Jesteś w: Ferdydurke

„Ferdydurke” - Filibert dzieckiem podszyty – streszczenie

Autor: Karolina Marlęga     Serwis chroniony prawem autorskim

„Filibert dzieckiem podszyty” to druga dygresyjna powiastka umieszczona w powieści Gombrowicza „Ferdydurke”. Tak, jak pierwszą – poprzedza ją wstęp. Autor twierdzi, że zasada symetrii oraz analogii wymagała, by wstęp ten zaistniał. Poświęca go zmaganiom twórcy z warsztatem pisarskim czyli „męce twórczej”. Mówi o tym z ironią, utrzymując, że zasadniczy problem to „ (…) męczarnia frazesu, grymasu, miny, gęby (...)”. Pozostałe cierpienia wynikają właśnie z tego.

Po wstępie pisarz rozpoczyna kolejną historię, którą chce przedstawić czytelnikowi jako dygresję.
Rzecz dzieje się we Francji, na kortach tenisowych paryskiego Racing Klubu, gdzie zgromadziła się
liczna publiczność. W pewnym momencie siedzący na bocznej trybunie pułkownik żuawów pozazdrościł championom gry i strzelił z rewolweru do odbijanej piłki. Piłka zniknęła. W tych okolicznościach gracze rzucili się na siebie z pazurami. Zabłąkana kula ugodziła tymczasem w szyję pewnego przemysłowca. Trysnęła krew. Żona przemysłowca nie mogąc rzucić się na pułkownika, uderzyła w twarz najbliższego sąsiada. Ten dostał ataku epilepsji i zaczął toczyć pianę.

Widzowie całe zajście nagrodzili oklaskami. Jednocześnie jakiś mężczyzna uległ panice i skoczył na głowę damie, która siedziała poniżej. Dama wyskoczyła na plac unosząc go na sobie. Zobaczył to pewien emeryt z Tuluzy, który zawsze marzył o skakaniu na głowę osobom siedzącym niżej. Teraz skorzystał z okazji i zrobił to. Jego ofiarą padła urzędniczka przybyła z Tangeru w Afryce.
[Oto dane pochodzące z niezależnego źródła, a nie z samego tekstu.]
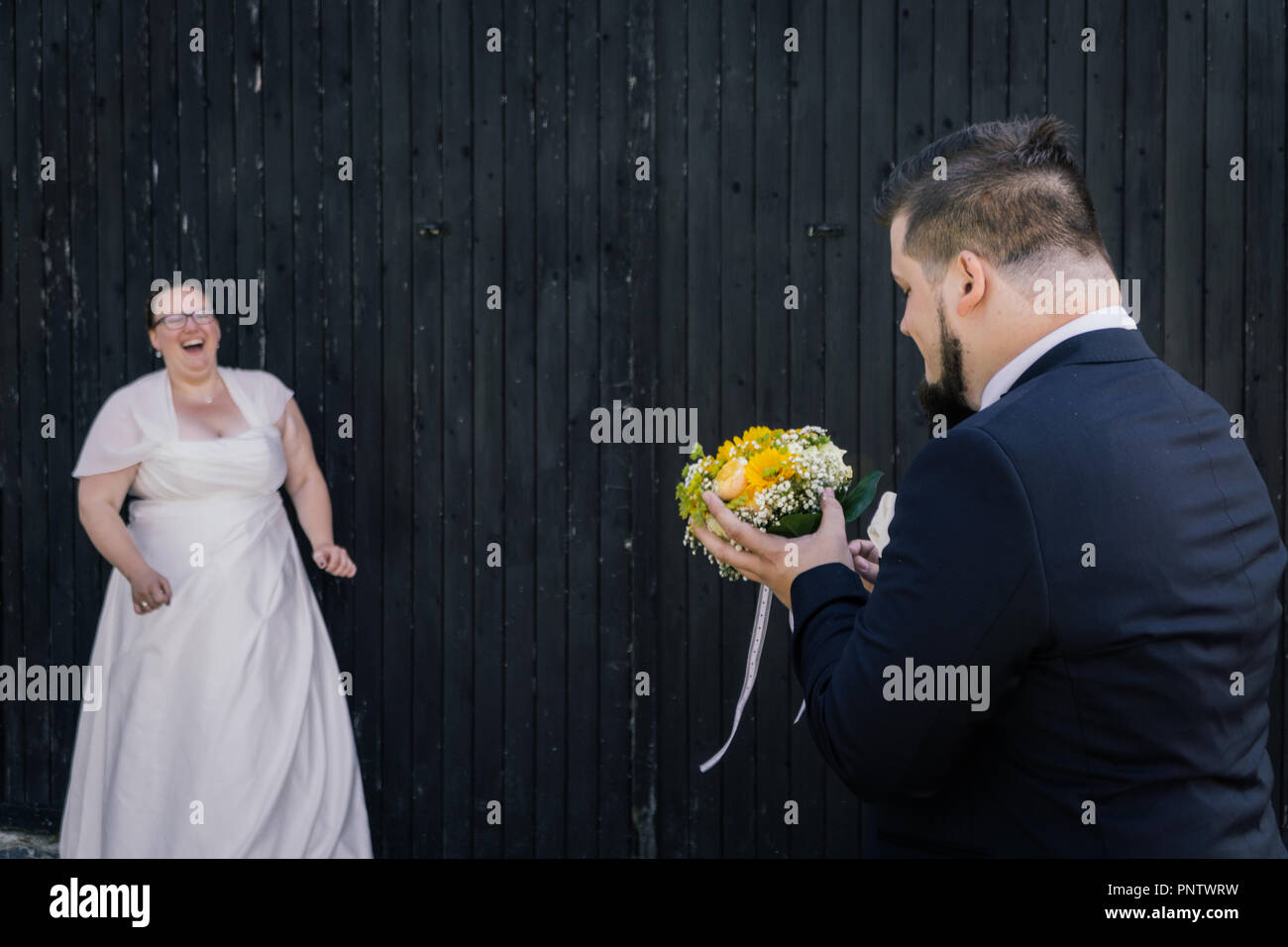 Il marito le catture il bouquet della sposa Foto Stock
Urzędniczka sądziła, że jest to w wielkomiejskim stylu i też poniosła. Publiczność zaczęła dyskretnie klaskać, by zatuszować skandal. Mniej kulturalna jej część przyjęła to jako dowód uznania i też dosiadła swoich dam.
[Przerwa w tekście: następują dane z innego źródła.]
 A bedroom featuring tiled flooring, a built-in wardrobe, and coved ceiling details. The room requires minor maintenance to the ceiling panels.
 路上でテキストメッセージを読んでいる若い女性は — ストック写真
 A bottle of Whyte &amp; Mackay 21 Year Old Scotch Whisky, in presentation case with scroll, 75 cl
W tych okolicznościach markiz de Filiberthe wyszedł na środek placu. Markiz spytał czy ktoś tu chce obrazić jego żonę i rzucił garść wizytówek. W odpowiedzi na to na eleganckich, rasowych kobietach podjechało 36 panów i obraziło markizę. Markiza przeraziła się i poroniła. Markiz zawstydzony i podszyty dzieckiem poszedł do domu. Towarzyszył temu grzmot oklasków.